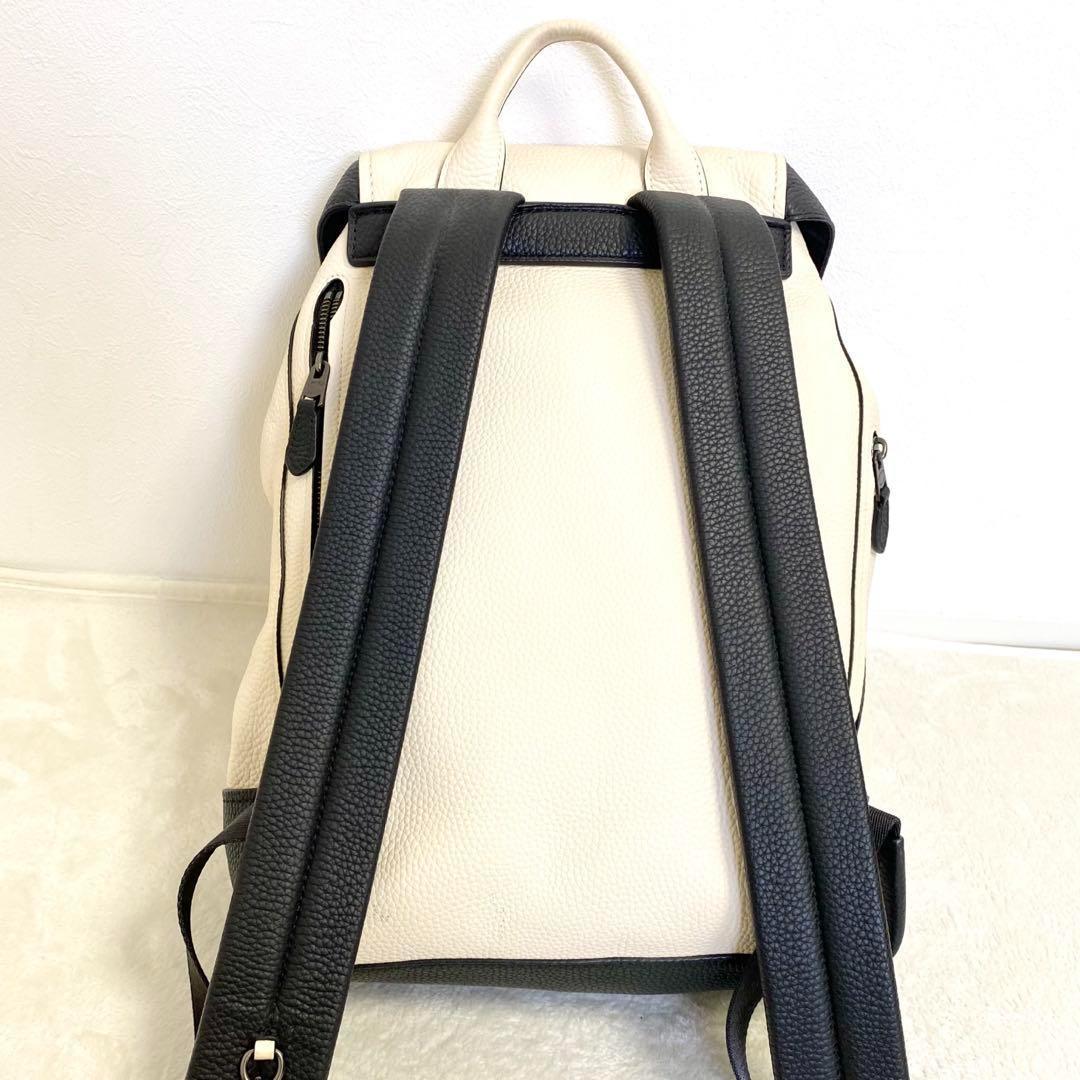 【美品】COACH リュック バックパック マンハッタン 大容量 ホワイト 黒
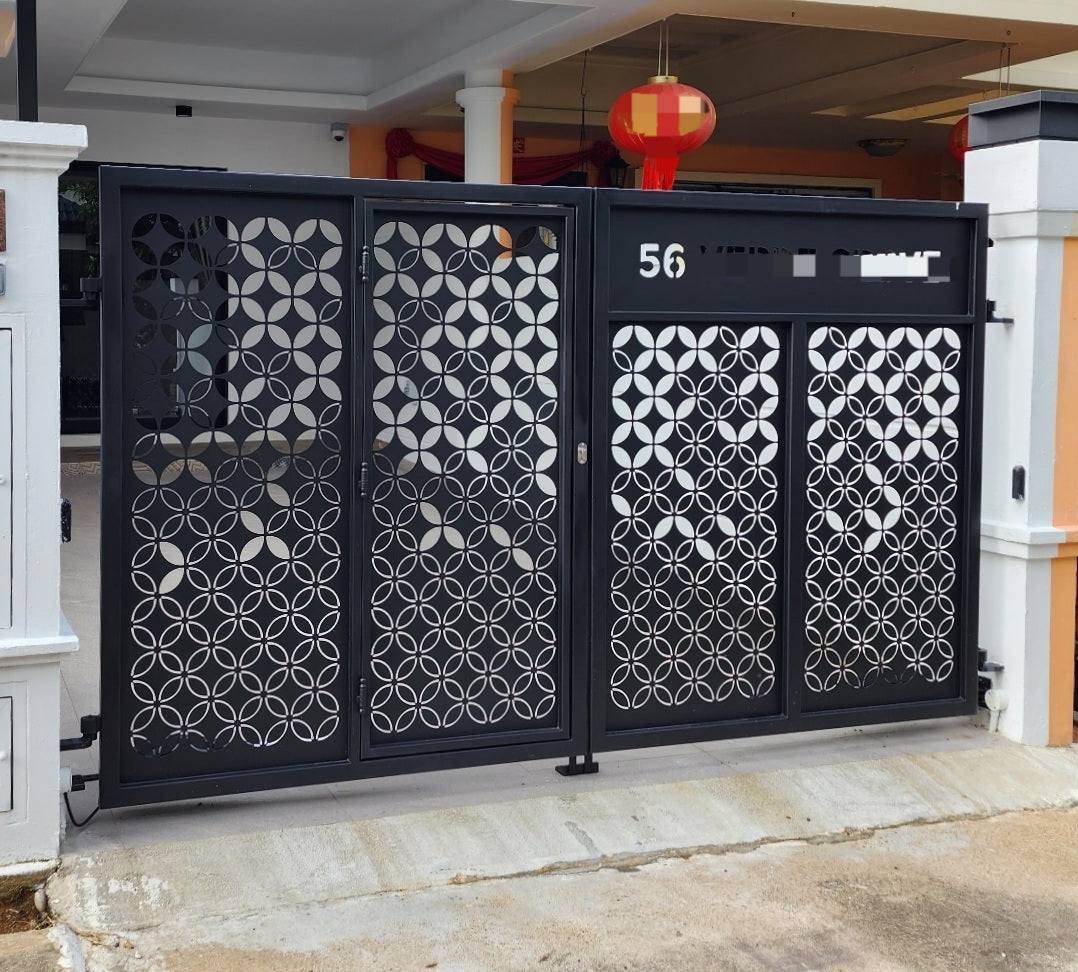 Kato Landed Driveway gate 15 - Laser Cut series (Inclusive Outdoor PU paint)
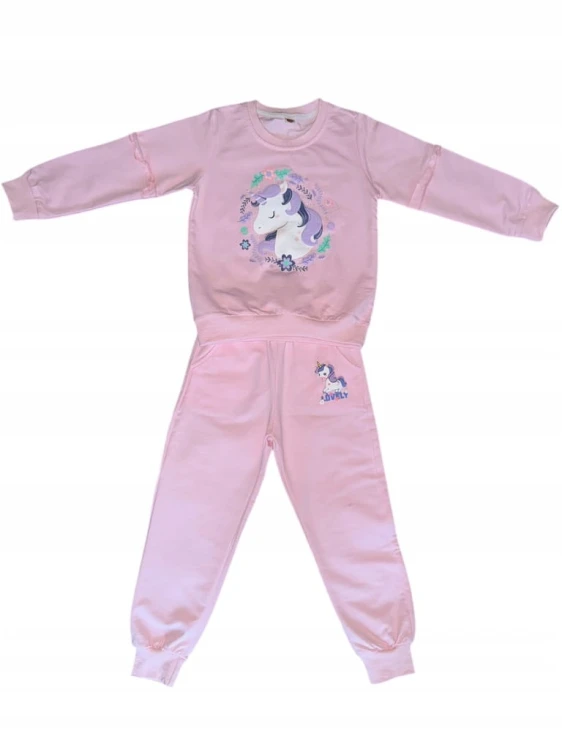 dres dla dziewczynki Jednorożec bawełna różowy bluza spodnie r. 116- 6 lat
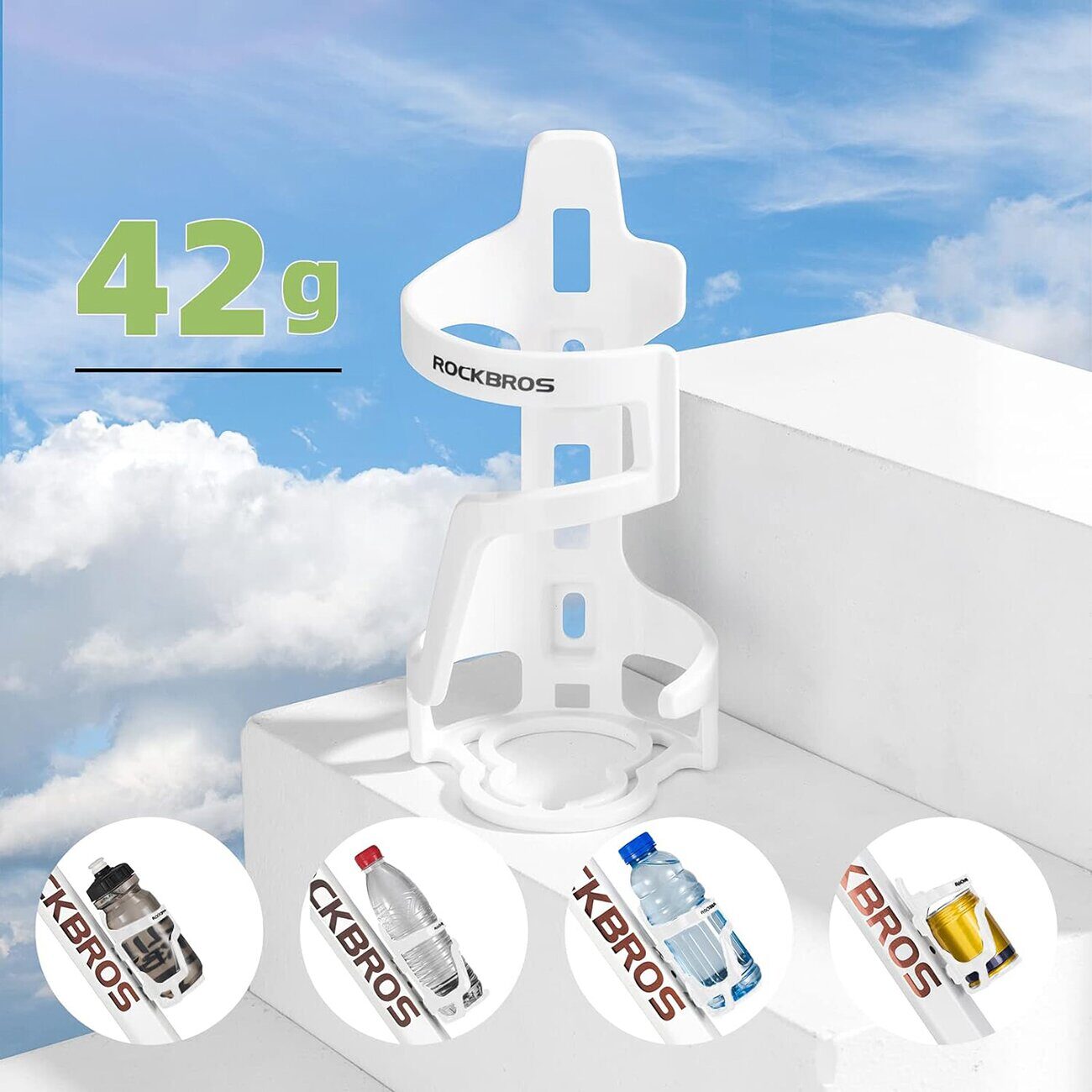 Rockbros 31210012002 bicycle bottle holder - white - imagine 6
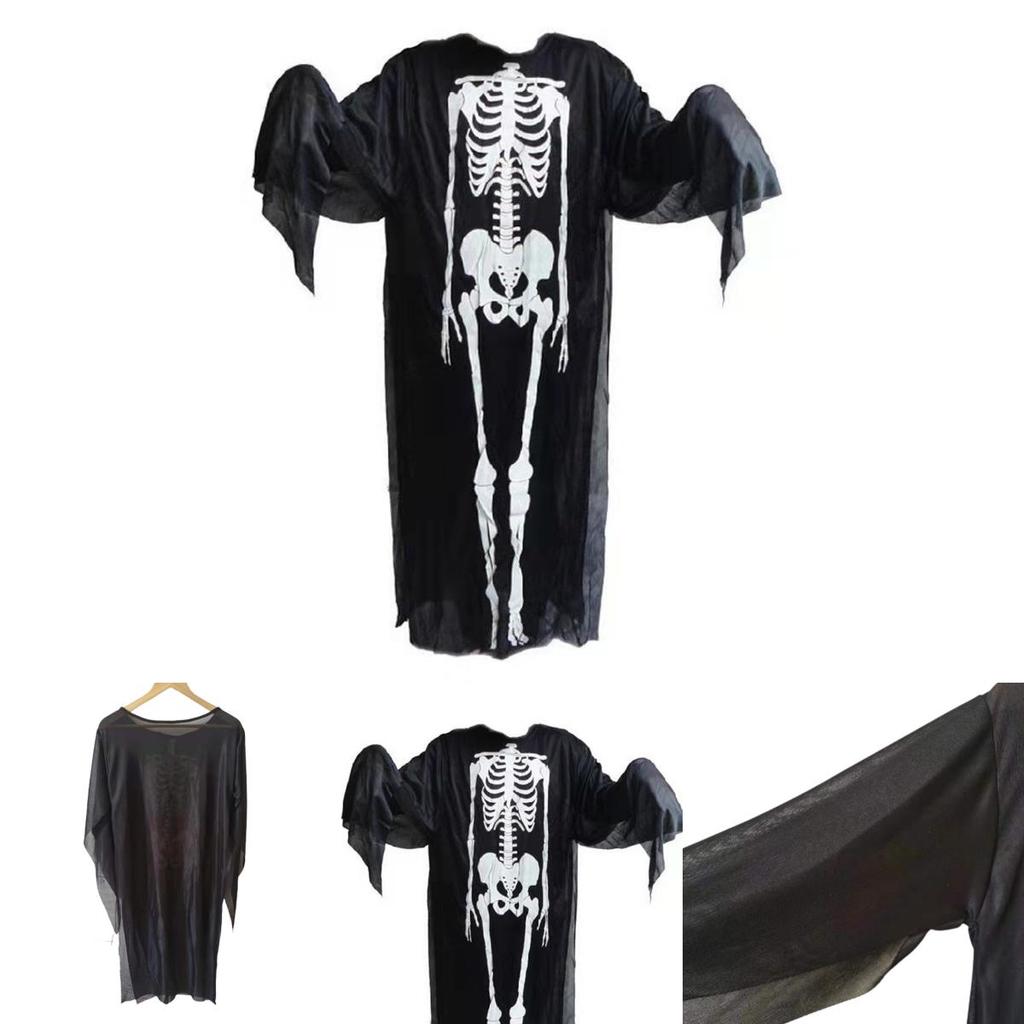 Skeleton Ghost Halloween Cosplay Costume Fancy Dress Party Children Adult Set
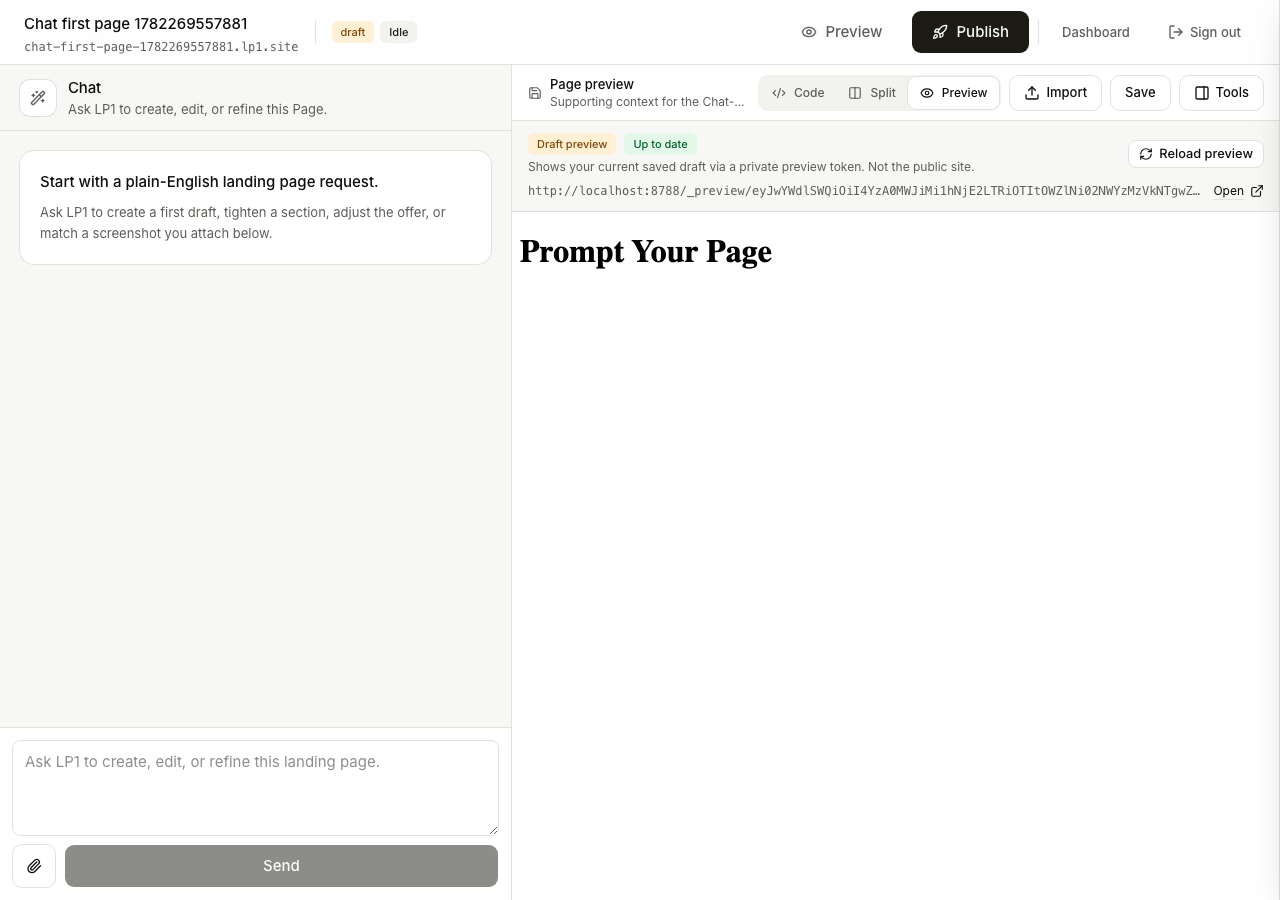 LP1 editor showing Chat beside a Page preview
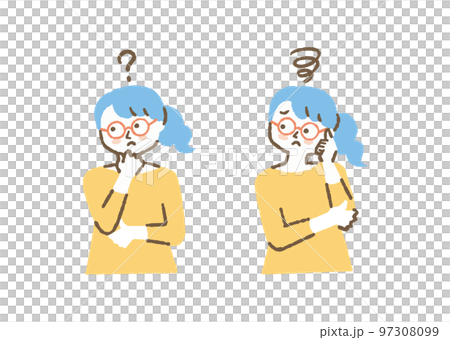 疑問に思っているメガネを掛けた女性_色 97308099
════════
The finished copy should match the data above word for word and contain no pictures.

 【美品】COACH リュック バックパック マンハッタン 大容量 ホワイト 黒
 Kato Landed Driveway gate 15 - Laser Cut series (Inclusive Outdoor PU paint)
 dres dla dziewczynki Jednorożec bawełna różowy bluza spodnie r. 116- 6 lat
 Rockbros 31210012002 bicycle bottle holder - white - imagine 6
 Skeleton Ghost Halloween Cosplay Costume Fancy Dress Party Children Adult Set
 LP1 editor showing Chat beside a Page preview
 疑問に思っているメガネを掛けた女性_色 97308099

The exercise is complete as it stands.